INPUT FOR THIS TASK START

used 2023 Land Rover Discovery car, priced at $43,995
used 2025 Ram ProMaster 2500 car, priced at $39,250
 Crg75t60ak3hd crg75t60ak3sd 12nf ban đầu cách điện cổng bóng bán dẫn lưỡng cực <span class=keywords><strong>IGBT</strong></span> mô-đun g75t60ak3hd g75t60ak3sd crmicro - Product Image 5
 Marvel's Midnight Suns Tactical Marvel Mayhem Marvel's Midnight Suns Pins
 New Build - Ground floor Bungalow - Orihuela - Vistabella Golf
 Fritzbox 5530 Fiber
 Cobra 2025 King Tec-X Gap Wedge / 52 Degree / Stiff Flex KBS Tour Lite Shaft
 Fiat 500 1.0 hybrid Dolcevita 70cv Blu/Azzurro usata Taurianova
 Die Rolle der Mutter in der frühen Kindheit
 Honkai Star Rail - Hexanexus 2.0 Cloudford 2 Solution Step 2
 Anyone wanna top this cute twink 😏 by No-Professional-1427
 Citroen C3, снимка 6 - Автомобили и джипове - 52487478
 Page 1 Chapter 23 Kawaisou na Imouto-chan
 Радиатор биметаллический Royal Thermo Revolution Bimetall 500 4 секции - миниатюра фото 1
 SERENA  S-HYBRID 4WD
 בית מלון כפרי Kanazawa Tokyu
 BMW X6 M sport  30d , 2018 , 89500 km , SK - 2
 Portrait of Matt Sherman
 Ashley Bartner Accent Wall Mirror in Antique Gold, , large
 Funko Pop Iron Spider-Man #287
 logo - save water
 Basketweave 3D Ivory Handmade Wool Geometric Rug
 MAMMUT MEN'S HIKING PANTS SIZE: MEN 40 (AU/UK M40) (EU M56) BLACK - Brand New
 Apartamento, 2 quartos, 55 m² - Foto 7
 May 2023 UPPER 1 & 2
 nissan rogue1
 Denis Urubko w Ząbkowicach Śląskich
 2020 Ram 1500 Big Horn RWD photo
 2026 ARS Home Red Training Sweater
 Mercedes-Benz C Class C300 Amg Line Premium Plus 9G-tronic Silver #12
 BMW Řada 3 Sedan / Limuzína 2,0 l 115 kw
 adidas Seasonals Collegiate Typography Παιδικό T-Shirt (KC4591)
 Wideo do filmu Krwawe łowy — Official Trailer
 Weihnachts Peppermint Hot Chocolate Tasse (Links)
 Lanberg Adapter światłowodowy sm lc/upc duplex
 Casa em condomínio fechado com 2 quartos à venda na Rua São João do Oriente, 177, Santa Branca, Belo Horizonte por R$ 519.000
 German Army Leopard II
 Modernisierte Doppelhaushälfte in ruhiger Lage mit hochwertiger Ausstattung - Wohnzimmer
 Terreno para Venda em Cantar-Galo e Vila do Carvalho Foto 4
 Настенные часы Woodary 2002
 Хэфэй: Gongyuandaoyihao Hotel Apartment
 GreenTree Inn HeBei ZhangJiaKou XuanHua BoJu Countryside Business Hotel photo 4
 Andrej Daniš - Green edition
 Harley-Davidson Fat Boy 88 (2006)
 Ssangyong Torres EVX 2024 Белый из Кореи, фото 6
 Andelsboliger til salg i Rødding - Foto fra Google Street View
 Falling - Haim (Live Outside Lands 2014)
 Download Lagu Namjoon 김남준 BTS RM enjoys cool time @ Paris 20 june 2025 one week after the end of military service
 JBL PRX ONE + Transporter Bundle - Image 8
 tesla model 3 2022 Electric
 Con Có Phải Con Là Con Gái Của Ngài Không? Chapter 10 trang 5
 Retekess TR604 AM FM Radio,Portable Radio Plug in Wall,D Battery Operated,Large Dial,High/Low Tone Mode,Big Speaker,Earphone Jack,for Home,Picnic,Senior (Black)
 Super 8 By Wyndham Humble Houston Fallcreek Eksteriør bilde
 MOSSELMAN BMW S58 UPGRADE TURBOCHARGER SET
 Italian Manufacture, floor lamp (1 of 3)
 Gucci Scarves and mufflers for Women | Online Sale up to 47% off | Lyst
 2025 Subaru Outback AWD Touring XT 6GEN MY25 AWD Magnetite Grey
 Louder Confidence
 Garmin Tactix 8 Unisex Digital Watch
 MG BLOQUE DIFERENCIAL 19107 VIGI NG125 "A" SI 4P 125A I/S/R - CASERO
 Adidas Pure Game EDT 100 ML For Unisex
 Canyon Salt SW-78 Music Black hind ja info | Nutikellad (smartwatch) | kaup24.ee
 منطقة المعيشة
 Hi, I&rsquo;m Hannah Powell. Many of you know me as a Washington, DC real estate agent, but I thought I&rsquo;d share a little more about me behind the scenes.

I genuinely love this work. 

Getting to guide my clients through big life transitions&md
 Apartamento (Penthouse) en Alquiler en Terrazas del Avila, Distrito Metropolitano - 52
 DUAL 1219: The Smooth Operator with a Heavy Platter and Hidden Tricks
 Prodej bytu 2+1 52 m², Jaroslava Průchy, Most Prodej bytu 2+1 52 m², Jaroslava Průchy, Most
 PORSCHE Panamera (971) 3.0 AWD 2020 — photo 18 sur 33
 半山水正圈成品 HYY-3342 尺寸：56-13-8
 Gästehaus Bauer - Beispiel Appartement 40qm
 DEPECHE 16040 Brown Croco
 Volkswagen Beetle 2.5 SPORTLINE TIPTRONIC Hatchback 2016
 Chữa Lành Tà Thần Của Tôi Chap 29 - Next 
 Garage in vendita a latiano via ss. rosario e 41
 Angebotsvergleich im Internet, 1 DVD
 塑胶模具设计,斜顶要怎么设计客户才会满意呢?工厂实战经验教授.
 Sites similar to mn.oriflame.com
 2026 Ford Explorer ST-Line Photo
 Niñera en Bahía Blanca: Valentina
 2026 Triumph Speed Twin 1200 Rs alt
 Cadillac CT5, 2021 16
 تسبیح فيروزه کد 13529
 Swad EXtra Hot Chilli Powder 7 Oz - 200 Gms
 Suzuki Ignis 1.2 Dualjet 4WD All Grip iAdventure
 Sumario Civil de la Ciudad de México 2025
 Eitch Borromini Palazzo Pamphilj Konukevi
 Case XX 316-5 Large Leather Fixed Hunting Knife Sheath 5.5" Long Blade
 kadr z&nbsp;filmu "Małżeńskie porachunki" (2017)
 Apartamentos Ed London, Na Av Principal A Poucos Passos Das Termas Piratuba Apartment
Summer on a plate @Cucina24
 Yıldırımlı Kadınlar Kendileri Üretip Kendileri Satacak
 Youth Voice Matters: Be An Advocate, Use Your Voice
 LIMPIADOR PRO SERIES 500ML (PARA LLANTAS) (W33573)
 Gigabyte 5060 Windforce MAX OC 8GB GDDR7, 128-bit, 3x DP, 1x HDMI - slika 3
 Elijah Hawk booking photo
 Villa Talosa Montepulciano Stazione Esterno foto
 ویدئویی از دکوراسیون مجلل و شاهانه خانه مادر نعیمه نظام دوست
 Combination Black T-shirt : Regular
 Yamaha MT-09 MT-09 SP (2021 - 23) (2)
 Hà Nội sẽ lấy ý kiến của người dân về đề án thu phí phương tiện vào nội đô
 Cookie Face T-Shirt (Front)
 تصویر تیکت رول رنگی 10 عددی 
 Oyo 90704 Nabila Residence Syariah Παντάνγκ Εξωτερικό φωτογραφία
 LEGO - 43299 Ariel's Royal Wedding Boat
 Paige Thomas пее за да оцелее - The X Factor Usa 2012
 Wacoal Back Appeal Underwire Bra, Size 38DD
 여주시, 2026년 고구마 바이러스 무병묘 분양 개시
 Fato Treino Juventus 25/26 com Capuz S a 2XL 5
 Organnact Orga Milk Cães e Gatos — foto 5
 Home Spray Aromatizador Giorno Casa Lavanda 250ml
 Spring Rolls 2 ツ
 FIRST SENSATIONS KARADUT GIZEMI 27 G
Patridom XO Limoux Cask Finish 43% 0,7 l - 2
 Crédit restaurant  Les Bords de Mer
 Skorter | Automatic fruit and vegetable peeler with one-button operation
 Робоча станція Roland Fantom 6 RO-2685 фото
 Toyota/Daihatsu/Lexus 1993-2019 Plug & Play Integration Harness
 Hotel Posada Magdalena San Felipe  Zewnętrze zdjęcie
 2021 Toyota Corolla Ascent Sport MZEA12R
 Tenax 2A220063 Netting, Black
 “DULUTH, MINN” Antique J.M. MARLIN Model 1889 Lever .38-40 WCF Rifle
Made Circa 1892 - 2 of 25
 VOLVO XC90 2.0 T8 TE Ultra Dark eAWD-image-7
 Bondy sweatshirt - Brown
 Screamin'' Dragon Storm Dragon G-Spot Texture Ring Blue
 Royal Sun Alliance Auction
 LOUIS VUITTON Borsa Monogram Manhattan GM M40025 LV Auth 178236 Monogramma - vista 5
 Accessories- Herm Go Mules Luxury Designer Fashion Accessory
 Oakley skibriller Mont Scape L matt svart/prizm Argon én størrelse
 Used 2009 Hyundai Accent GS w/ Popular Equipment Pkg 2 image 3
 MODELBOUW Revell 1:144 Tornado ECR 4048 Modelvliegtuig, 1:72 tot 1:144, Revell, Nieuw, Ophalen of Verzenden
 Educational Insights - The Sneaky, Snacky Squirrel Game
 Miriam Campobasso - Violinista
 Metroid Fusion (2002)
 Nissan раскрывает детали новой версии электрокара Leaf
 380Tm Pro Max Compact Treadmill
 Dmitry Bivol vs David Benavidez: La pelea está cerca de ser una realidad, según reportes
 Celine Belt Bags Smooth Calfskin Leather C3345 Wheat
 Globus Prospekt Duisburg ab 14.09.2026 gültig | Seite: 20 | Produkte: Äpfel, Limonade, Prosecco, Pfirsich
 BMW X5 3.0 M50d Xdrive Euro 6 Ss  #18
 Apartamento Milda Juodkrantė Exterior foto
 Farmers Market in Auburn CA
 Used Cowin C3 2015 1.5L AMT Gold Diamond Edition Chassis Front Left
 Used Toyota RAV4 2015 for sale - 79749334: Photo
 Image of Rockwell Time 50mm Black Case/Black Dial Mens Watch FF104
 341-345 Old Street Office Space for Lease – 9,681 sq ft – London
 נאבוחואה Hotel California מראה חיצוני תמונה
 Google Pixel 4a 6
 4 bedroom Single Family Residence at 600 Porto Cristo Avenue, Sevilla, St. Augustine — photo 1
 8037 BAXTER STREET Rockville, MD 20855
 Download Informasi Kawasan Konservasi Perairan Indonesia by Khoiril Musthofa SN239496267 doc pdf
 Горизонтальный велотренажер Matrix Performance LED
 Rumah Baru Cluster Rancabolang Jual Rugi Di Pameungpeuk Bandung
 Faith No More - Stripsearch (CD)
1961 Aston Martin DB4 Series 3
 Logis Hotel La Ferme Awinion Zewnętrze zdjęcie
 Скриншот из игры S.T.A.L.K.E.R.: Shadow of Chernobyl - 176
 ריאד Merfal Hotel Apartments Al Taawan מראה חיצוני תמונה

INPUT FOR THIS TASK END

_WHAT TO PRODUCE_. Copy out, from the data above, each line where the string "Toyota" is present.

_REPLY TO THE EXERCISE_.
 Toyota/Daihatsu/Lexus 1993-2019 Plug & Play Integration Harness
 2021 Toyota Corolla Ascent Sport MZEA12R
 Used Toyota RAV4 2015 for sale - 79749334: Photo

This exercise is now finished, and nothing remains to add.